I primi documenti inerenti alla viticoltura appaiono in questo periodo, non ancora sotto forma di studi ampelografici, bensì come statuti comunali, atti di trasferimento o di affitto di proprietà, donazioni, gabelle, sentenze di condanna. Nelle abbazie si tendeva ad un miglioramento genetico della vite: lo scambio di berbatelle fra un monastero e l'altro, quasi sempre concomitante con il trasferimento di monaci o abati, fece si che si potessero individuare i terreni più vocati per ciascun vitigno.
Dalle vigne di Santa Maria di Vezzolano pervennero ai terreni circostanti innumerevoli specie di vitigni, in massima parte assai pregiati.
In questo periodo i terreni a vocazione vinicola valevano circa sette volte il prezzo praticato per quelli destinati ad altre colture e il comune di Chieri dava pene severissime (quasi sempre corporali) per chi avesse danneggiato le vigne altrui.
La Malvasia
La Malvasia esistente fin dall'inizio della tradizione viticola monferrina. Gli statuti di Mondonio citano la Malvasia come presente sul territorio già nel 1468 e precisavano che per i ladri di tale uva l'ammenda dovesse essere doppia di quella praticata per altre qualità.
La Malvasia, vinificata dolce, era bevanda riservata ai ceti elevati, mentre il Grechetto o Malvasia amara era disponibile alle classi popolari nelle gerbe, specie di bettole dove affluivano i gondolieri, mercanti o pescatori.
Certo la patente di nobiltà che si venne a creare intorno a questo prestigioso vitigno fu certamente alimentata dalle concessioni particolari praticate nelle contrattazioni: a differenza della maggioranza delle uve quelle di Malvasia potevano fruire della legge della domanda e dell'offerta, consentendo ai migliori vignaioli notevoli guadagni.
La Freisa
Il primo cenno circa la presenza del vitigno Freisa lo rileviamo da una tariffa dei pedaggi praticati nel comune di Pancalieri nel 1517: in essa era indicato,il passaggio di carrate e sommate di Fresarum stimate con un prezzo doppio delle altre uve. Non è molto per stabilire una cospiqua presenza di "Freisa" nel territorio, ma quando apparve una pubblicazione che trattava delle uve presenti nel Monferrato e nell'Astigiano ogni perplessità scomparve.

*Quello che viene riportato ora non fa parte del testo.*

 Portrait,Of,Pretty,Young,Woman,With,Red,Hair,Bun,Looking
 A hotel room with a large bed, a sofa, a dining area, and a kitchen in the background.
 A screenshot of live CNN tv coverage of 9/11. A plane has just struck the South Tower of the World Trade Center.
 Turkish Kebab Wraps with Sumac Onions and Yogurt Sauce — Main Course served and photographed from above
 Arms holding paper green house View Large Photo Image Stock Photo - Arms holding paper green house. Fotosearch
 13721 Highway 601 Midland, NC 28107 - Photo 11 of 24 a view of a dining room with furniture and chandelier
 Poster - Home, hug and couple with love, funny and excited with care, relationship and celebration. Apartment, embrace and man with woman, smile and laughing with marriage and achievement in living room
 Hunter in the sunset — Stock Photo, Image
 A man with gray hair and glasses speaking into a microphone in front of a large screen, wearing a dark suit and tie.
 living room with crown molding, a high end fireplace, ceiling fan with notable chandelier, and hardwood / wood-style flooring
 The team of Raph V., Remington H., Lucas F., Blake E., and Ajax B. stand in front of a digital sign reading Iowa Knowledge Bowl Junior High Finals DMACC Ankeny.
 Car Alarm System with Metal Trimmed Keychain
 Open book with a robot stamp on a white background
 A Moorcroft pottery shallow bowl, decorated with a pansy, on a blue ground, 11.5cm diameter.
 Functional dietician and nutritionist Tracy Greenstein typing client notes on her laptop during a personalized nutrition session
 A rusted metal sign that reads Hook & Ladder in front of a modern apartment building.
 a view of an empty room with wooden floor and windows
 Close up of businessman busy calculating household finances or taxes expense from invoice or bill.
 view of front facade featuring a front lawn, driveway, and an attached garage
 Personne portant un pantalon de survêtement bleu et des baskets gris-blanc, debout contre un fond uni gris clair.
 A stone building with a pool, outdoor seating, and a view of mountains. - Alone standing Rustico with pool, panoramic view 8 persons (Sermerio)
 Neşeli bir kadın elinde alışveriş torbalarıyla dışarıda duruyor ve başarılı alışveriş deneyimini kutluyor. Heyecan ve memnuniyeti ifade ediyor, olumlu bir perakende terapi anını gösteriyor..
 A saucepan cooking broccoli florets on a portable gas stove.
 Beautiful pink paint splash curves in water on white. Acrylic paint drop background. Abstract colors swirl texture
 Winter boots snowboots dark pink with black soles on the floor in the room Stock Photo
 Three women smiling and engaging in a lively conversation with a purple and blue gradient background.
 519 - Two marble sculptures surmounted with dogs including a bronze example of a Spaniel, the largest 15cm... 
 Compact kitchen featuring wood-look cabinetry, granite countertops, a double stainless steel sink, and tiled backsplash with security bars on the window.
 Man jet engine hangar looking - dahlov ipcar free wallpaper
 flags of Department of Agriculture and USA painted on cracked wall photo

La Freisa, come la Barbera, raggiunse il massimo della fortuna quando la Filossera si insinuò in Italia. Fortunatamente per la nostra regione, prima ancora di procedere a reimpilarsi su piede americano, si fecero impianti nuovi secondo le tecnologie già ben diffuse e la Freisa risultò fra quei vitigni privilegiati per robustezza, sanità, egualità della resa.
Il Freisa fu il vino del Re Vittorio Emanuele e la popolana Rosa Vercellans, monferrina e schietta, fu la sua donna per tutta la vita.
Vino della gioia semplice, riuniva intorno a se, sul calar della sera, la gente stanca del lavoro che, come un rito, avvicinava il bicchiere al padre, quando egli estraeva dal pozzo la bottiglia fresca e appannata.